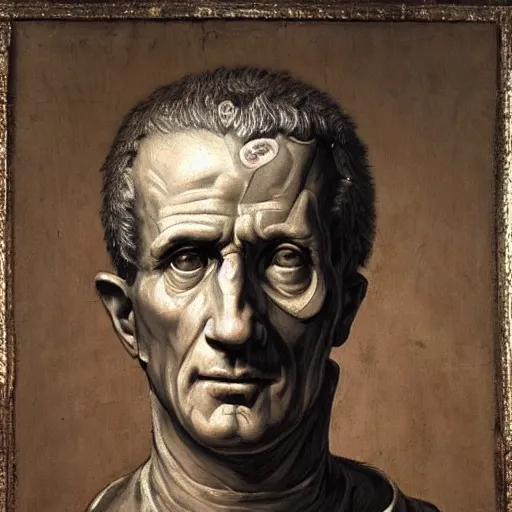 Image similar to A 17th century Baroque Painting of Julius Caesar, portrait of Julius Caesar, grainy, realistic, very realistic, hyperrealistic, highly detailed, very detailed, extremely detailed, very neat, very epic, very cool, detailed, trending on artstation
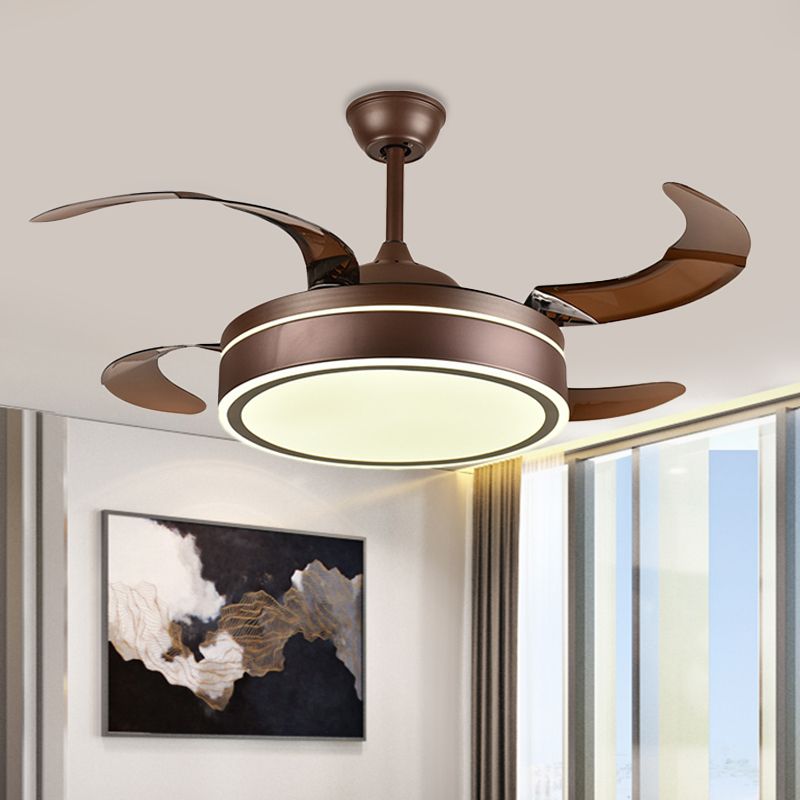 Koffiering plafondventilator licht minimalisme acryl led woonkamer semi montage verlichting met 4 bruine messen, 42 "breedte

* * *

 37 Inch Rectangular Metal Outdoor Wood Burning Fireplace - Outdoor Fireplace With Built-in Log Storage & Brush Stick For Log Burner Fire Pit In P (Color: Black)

(Work request):
Pictures aside, print exactly the lines above starting with the one containing "Image similar to" and going on through the one containing "Koffiering plafondventilator licht".

(Result for this task):
 Image similar to A 17th century Baroque Painting of Julius Caesar, portrait of Julius Caesar, grainy, realistic, very realistic, hyperrealistic, highly detailed, very detailed, extremely detailed, very neat, very epic, very cool, detailed, trending on artstation
 Koffiering plafondventilator licht minimalisme acryl led woonkamer semi montage verlichting met 4 bruine messen, 42 "breedte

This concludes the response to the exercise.